DIRECTIONS FOR THIS TASK:
Look below for the line containing "Space Divider Metal"; from there through the line containing "SKU: E-131 9K/14K", both lines included, please set down each line exactly and nothing else.
**** INFORMATION SHOWN
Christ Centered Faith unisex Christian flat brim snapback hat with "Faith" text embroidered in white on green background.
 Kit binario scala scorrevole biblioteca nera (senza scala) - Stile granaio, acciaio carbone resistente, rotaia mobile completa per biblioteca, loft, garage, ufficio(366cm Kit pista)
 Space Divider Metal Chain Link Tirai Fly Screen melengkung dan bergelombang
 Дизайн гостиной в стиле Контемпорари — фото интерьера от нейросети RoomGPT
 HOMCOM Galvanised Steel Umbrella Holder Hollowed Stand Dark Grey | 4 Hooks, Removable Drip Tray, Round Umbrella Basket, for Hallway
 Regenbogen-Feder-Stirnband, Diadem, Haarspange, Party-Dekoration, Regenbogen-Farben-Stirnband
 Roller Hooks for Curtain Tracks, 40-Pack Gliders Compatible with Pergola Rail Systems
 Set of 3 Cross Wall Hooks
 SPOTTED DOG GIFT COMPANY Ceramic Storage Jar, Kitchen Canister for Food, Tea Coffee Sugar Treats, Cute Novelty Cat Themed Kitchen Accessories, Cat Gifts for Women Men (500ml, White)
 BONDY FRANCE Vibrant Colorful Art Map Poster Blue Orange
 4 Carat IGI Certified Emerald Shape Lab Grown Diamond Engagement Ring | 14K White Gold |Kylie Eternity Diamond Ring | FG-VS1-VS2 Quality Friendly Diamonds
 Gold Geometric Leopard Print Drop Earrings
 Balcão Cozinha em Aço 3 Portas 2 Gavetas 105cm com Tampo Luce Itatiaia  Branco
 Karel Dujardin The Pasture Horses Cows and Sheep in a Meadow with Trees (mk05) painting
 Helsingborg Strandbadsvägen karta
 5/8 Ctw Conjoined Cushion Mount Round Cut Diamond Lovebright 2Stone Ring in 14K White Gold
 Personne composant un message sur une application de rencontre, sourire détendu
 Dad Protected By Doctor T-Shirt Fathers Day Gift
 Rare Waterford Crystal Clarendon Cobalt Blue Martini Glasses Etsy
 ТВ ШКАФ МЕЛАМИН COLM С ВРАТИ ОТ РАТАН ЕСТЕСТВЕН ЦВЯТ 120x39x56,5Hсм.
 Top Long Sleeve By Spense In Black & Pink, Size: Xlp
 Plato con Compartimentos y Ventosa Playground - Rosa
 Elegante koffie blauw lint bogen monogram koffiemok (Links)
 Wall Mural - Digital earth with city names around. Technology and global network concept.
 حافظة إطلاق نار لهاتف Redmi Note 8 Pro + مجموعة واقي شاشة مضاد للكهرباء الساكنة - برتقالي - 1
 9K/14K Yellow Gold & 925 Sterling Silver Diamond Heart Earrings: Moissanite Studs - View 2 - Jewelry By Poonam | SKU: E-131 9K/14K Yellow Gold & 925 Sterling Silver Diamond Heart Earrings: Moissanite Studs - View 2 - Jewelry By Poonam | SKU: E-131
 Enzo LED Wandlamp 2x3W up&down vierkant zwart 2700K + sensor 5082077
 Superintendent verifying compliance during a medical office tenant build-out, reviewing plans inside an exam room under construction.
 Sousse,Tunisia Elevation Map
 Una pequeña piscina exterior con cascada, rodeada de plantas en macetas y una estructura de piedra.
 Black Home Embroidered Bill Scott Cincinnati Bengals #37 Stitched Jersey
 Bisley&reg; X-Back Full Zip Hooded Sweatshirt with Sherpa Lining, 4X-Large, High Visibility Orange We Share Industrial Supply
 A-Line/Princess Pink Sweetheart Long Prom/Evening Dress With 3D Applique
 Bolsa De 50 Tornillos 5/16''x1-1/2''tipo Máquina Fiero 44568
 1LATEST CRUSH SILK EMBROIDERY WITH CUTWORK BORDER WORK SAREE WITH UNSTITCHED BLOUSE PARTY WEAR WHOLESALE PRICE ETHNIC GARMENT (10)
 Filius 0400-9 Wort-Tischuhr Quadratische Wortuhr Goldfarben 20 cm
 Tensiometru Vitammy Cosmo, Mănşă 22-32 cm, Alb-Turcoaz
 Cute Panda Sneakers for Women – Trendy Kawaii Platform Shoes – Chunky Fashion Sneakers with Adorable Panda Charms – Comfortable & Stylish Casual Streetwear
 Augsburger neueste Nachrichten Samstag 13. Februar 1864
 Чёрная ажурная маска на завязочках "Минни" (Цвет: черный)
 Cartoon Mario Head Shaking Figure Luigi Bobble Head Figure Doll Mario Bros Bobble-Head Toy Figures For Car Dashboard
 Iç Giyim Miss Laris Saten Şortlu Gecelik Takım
********
SOLVED EXERCISE:
 Space Divider Metal Chain Link Tirai Fly Screen melengkung dan bergelombang
 Дизайн гостиной в стиле Контемпорари — фото интерьера от нейросети RoomGPT
 HOMCOM Galvanised Steel Umbrella Holder Hollowed Stand Dark Grey | 4 Hooks, Removable Drip Tray, Round Umbrella Basket, for Hallway
 Regenbogen-Feder-Stirnband, Diadem, Haarspange, Party-Dekoration, Regenbogen-Farben-Stirnband
 Roller Hooks for Curtain Tracks, 40-Pack Gliders Compatible with Pergola Rail Systems
 Set of 3 Cross Wall Hooks
 SPOTTED DOG GIFT COMPANY Ceramic Storage Jar, Kitchen Canister for Food, Tea Coffee Sugar Treats, Cute Novelty Cat Themed Kitchen Accessories, Cat Gifts for Women Men (500ml, White)
 BONDY FRANCE Vibrant Colorful Art Map Poster Blue Orange
 4 Carat IGI Certified Emerald Shape Lab Grown Diamond Engagement Ring | 14K White Gold |Kylie Eternity Diamond Ring | FG-VS1-VS2 Quality Friendly Diamonds
 Gold Geometric Leopard Print Drop Earrings
 Balcão Cozinha em Aço 3 Portas 2 Gavetas 105cm com Tampo Luce Itatiaia  Branco
 Karel Dujardin The Pasture Horses Cows and Sheep in a Meadow with Trees (mk05) painting
 Helsingborg Strandbadsvägen karta
 5/8 Ctw Conjoined Cushion Mount Round Cut Diamond Lovebright 2Stone Ring in 14K White Gold
 Personne composant un message sur une application de rencontre, sourire détendu
 Dad Protected By Doctor T-Shirt Fathers Day Gift
 Rare Waterford Crystal Clarendon Cobalt Blue Martini Glasses Etsy
 ТВ ШКАФ МЕЛАМИН COLM С ВРАТИ ОТ РАТАН ЕСТЕСТВЕН ЦВЯТ 120x39x56,5Hсм.
 Top Long Sleeve By Spense In Black & Pink, Size: Xlp
 Plato con Compartimentos y Ventosa Playground - Rosa
 Elegante koffie blauw lint bogen monogram koffiemok (Links)
 Wall Mural - Digital earth with city names around. Technology and global network concept.
 حافظة إطلاق نار لهاتف Redmi Note 8 Pro + مجموعة واقي شاشة مضاد للكهرباء الساكنة - برتقالي - 1
 9K/14K Yellow Gold & 925 Sterling Silver Diamond Heart Earrings: Moissanite Studs - View 2 - Jewelry By Poonam | SKU: E-131 9K/14K Yellow Gold & 925 Sterling Silver Diamond Heart Earrings: Moissanite Studs - View 2 - Jewelry By Poonam | SKU: E-131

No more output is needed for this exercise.